[Captioned web images]
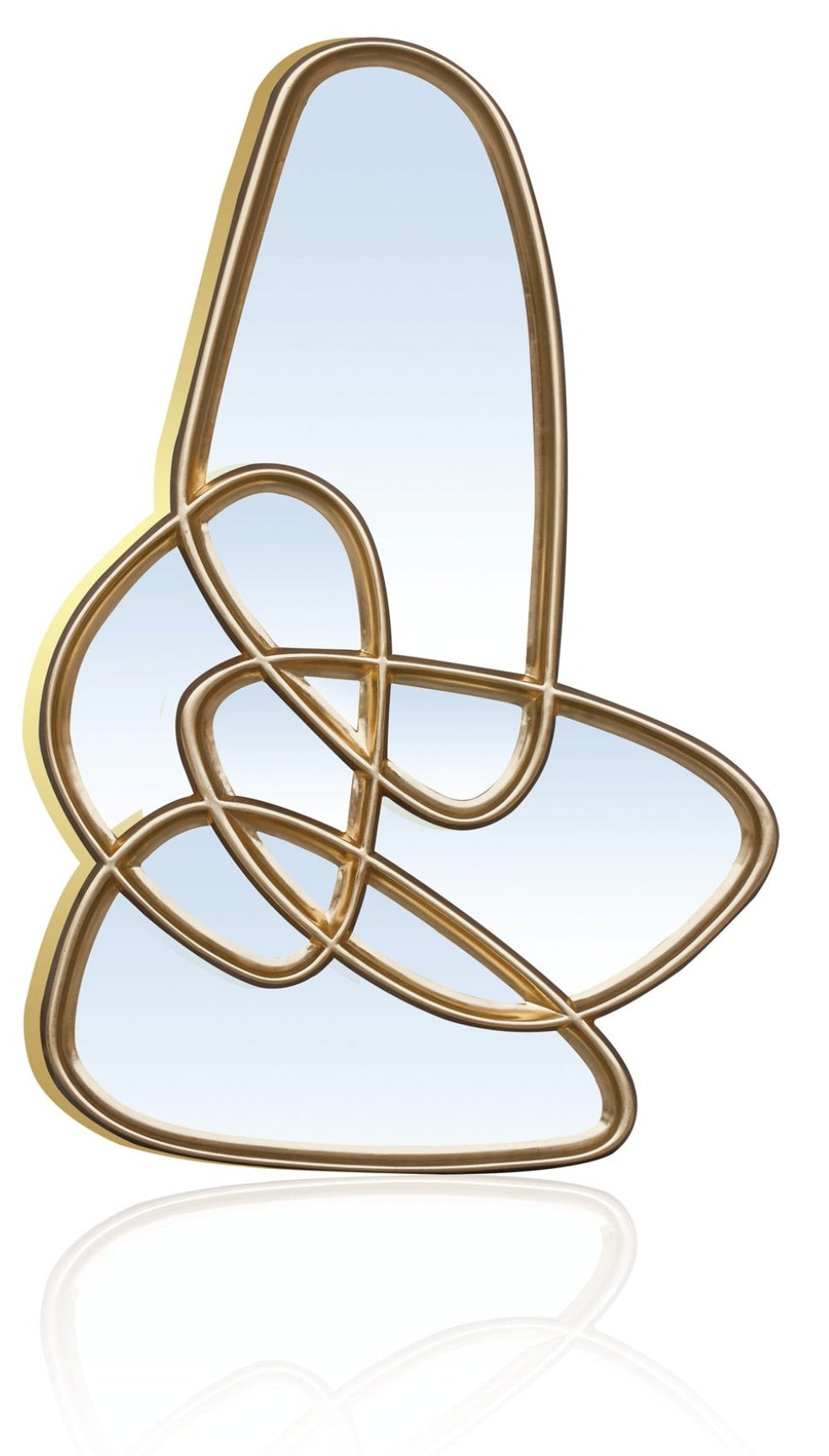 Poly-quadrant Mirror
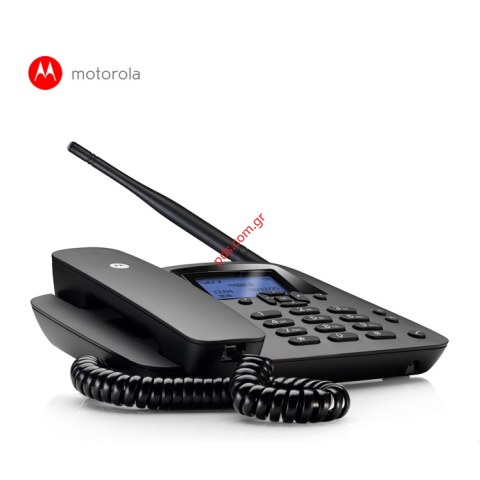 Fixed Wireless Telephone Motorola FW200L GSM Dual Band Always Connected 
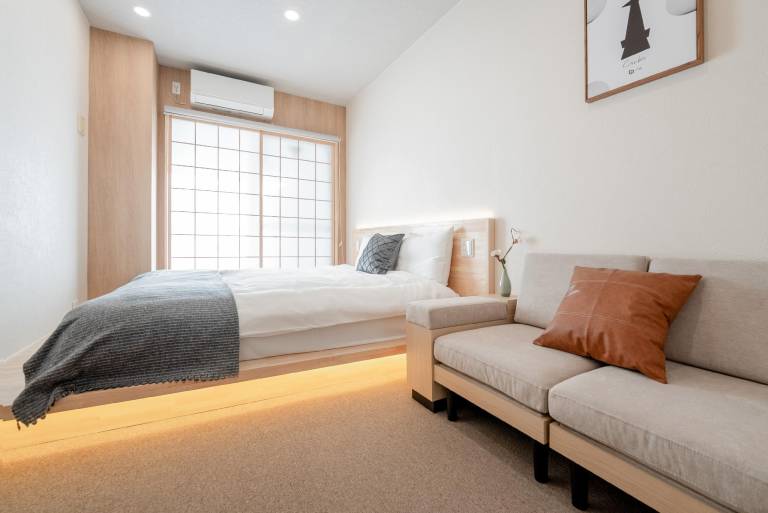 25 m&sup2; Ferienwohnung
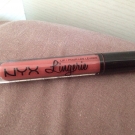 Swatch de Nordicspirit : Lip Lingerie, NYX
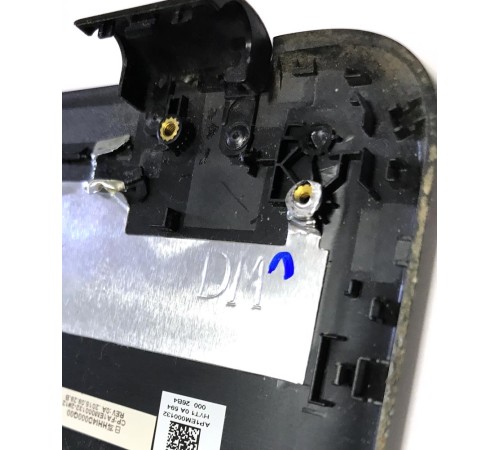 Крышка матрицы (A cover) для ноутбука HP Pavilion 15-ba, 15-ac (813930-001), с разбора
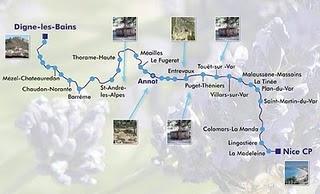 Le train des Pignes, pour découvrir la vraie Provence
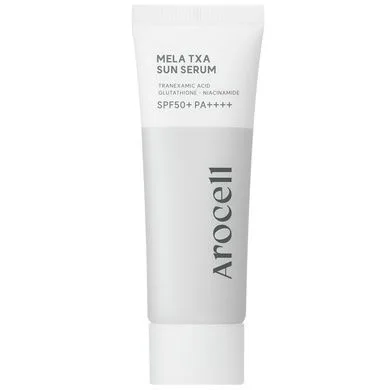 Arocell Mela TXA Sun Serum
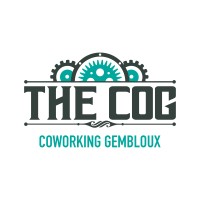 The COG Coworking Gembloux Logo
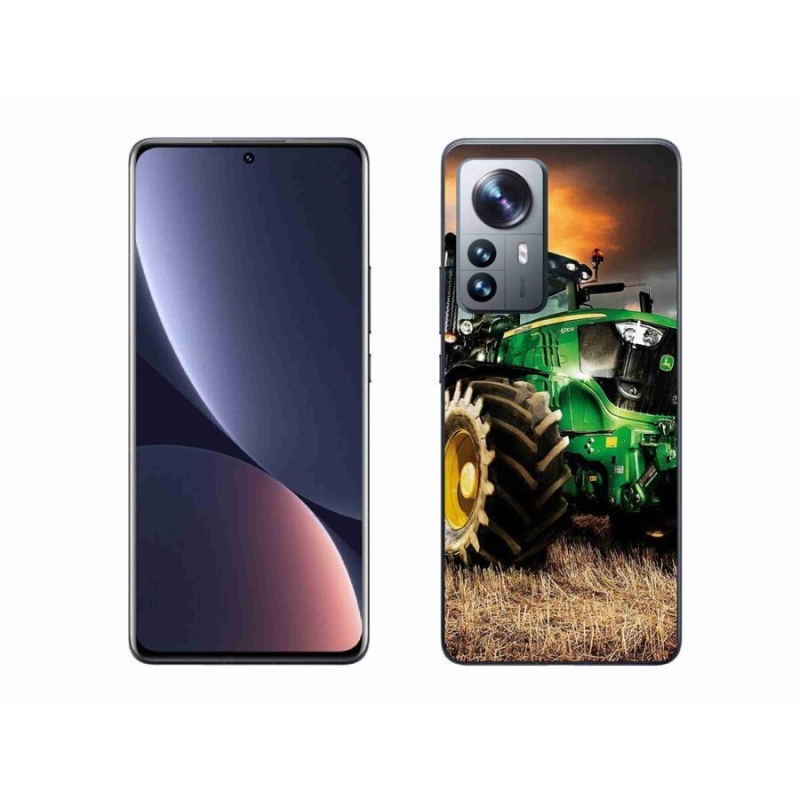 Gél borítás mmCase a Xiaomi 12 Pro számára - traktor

### WORK TO BE COMPLETED
Retype, word for word, the lines from the one with "25 m&sup2; Ferienwohnung" through the last line of the entries above, and only those lines. Leave pictures out.

### RESULT
 25 m&sup2; Ferienwohnung
 Swatch de Nordicspirit : Lip Lingerie, NYX
 Крышка матрицы (A cover) для ноутбука HP Pavilion 15-ba, 15-ac (813930-001), с разбора
 Le train des Pignes, pour découvrir la vraie Provence
 Arocell Mela TXA Sun Serum
 The COG Coworking Gembloux Logo
 Gél borítás mmCase a Xiaomi 12 Pro számára - traktor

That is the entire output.